- Born: 1899 Carlow town, Ireland
- Died: 1962 (aged 62–63) Ireland
- Occupations: Writer, broadcaster
- Known for: Writing Thy Tears Might Cease

= Michael Farrell (Irish writer) =

Irish writer & broadcaster (1899–1962)

Michael Farrell (1899–1962) was an Irish writer and broadcaster remembered for his posthumous novel Thy Tears Might Cease.

The second of six children, Michael Farrell was born in Carlow town to a prosperous Catholic shopkeeper, and educated at Knockbeg College and Blackrock College.

During the Irish War of Independence he spent time in Mountjoy Prison and left Trinity College Dublin without graduating. His older brother, Sean O'Farrell, was the commanding officer of the Carlow Brigade of the Irish Republican Army from the brigade's formation until September 1920.

After his time in university, he worked for several years in the Belgian Congo as a Marine Superintendent of Customs, returning to Ireland after managing to sell a ship for a handsome profit. He worked for Radio Éireann and as a journalist. He contributed to The Bell under the pseudonym "Gulliver".

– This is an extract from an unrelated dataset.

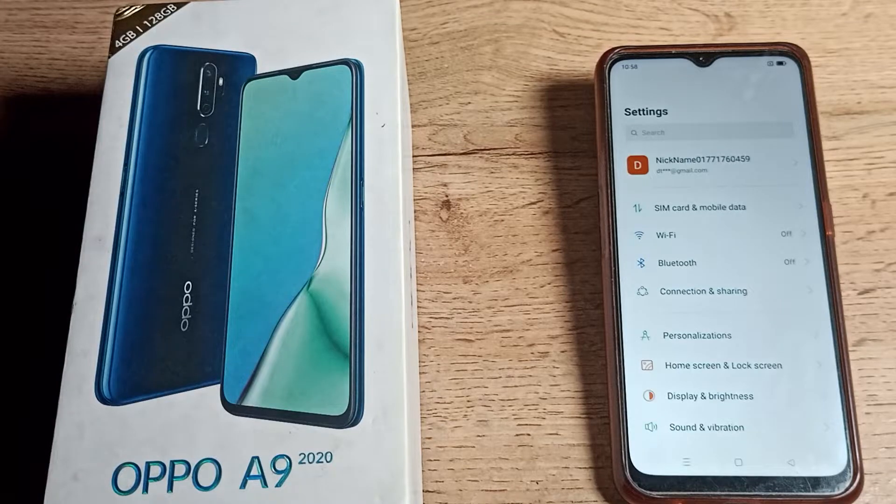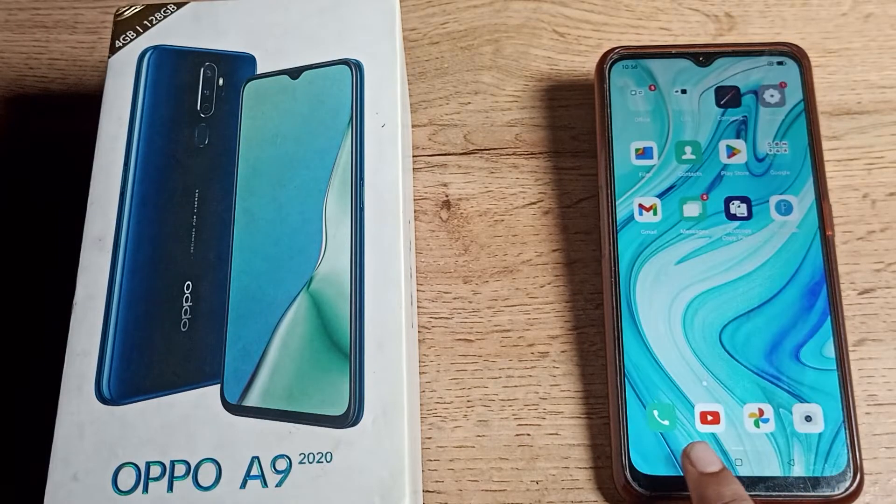Friends, welcome back to the channel. Today we are going to talk about WiFi connect setting in this video. We will talk about how you can connect a WiFi network in your OPPO phone. Once you want to connect any WiFi network in your OPPO phone, in this video I will show you guys. Before starting, please go and subscribe to the channel.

In 1934 Farrell wrote, produced, and directed the silent film Some Say Chance, notable as the screen debut of Maureen O'Hara; his wife Frances did set design and location scouting.

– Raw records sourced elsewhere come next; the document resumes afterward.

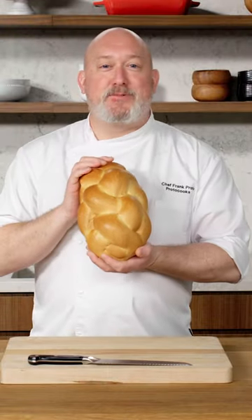The secret to the best French toast is choosing the right bread. I like the challah bread, baby.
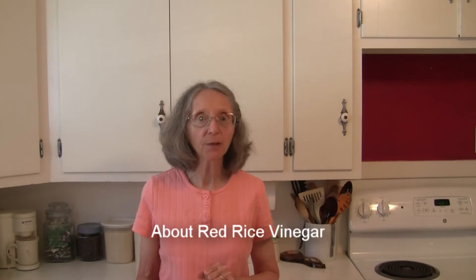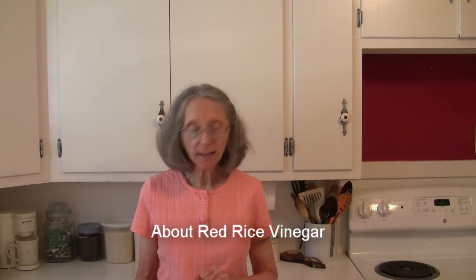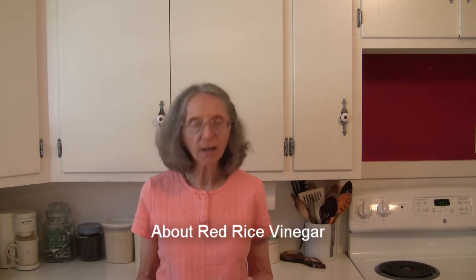It is made from fermented red yeast rice. It has a more mild flavor than red wine vinegar — it's a little sweet, a little tart, and a little salty.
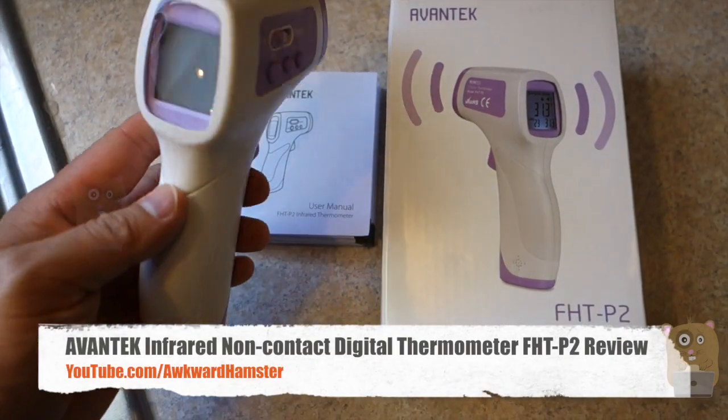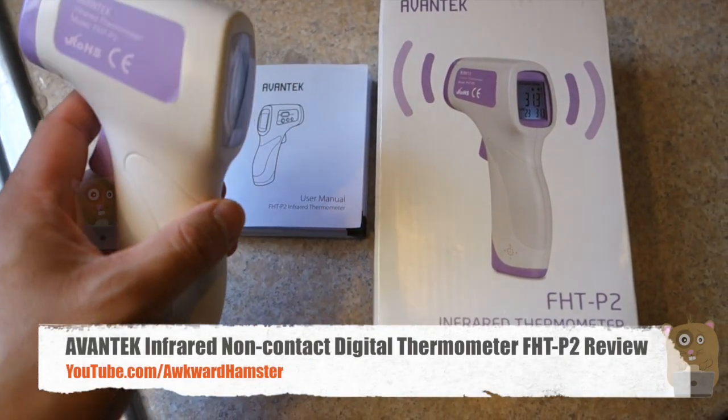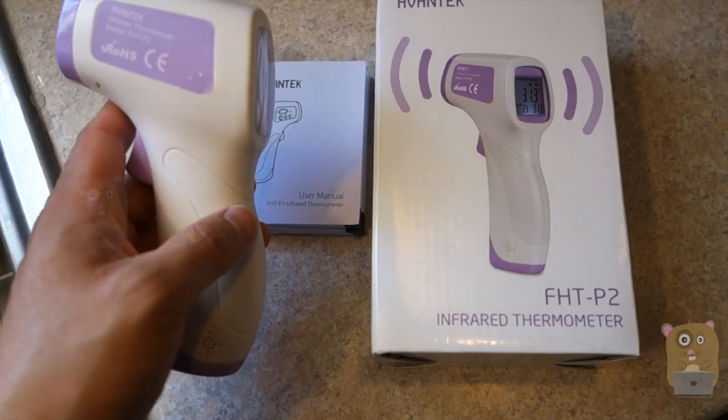Hi, welcome to Uncle Hamster. Today I'll be reviewing this Avantech infrared thermometer. The model is FHT-P2.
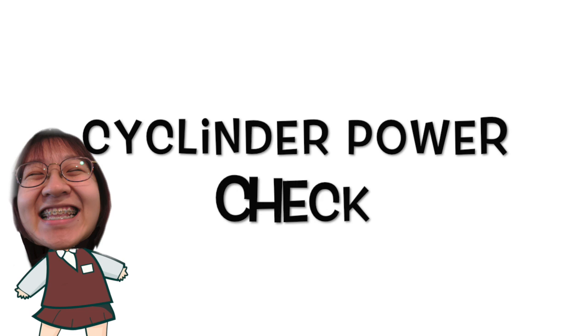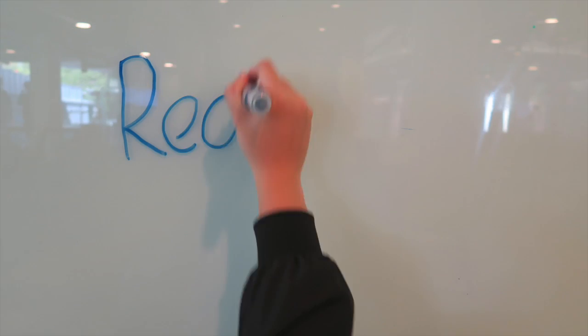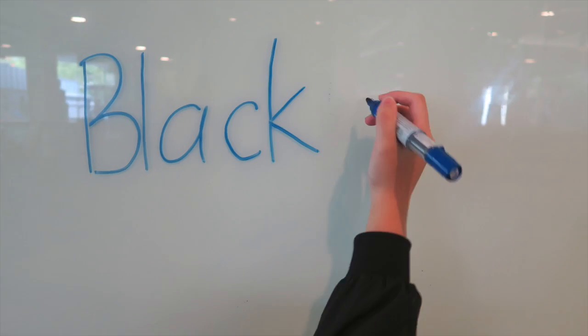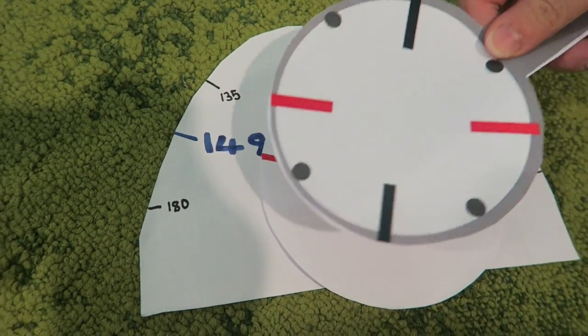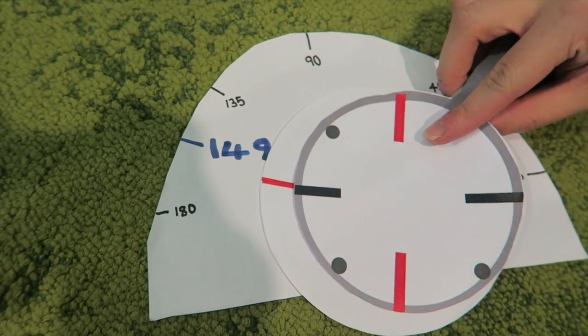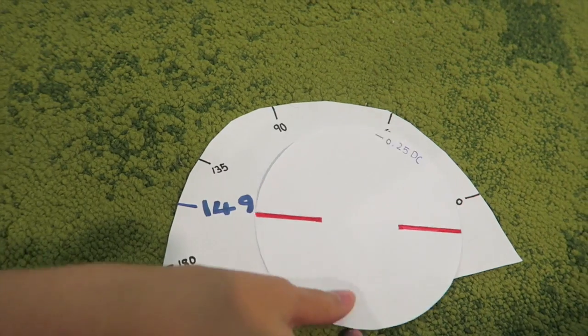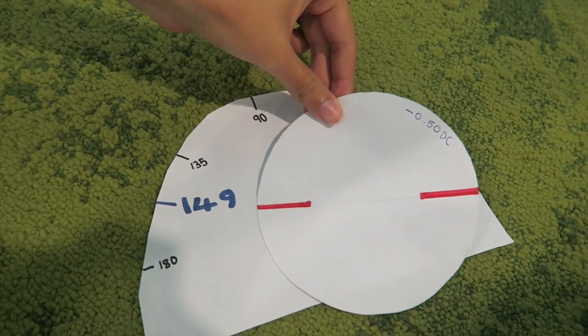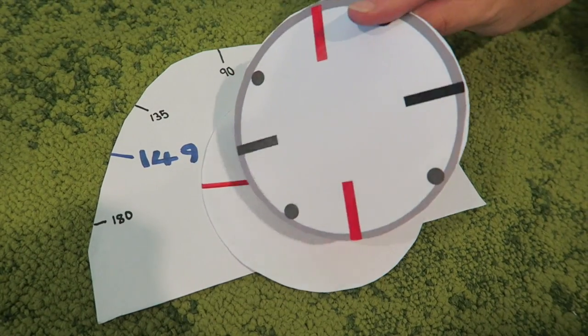For power check, align the line on the JCC to the cylinder lens axis. In this case, if the patient prefers the red line, therefore add minus 0.25 DC. Repeat the same instructions to the patient.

Farrell's magnum opus, Thy Tears Might Cease, is a semi-autobiographical novel set in the Irish revolutionary period. Although the first draft was completed in 1937, it was published only posthumously in 1963, after editing by the poet Monk Gibbon, a close friend of Farrell. Seán Ó Faoláin, editor of The Bell, is quoted as saying that Farrell was “avid to see it printed but terrified to let it go”.

In 2004 Frank Delaney listed Thy Tears Might Cease as amongst his all time top ten Irish novels

== Personal life ==
In 1930 he married designer and businesswoman Frances Cautley Baker, divorced daughter of painter Frances Baker, with whom she ran a textile company in Blackrock, Dublin called the Crock of Gold. The Crock of Gold manufactured wool products, with Frances designing patterns and primarily selling wholesale to fashion houses. The couple settled in Kilmacanogue. In the later part of his life Michael Farrell worked mainly in his wife's business.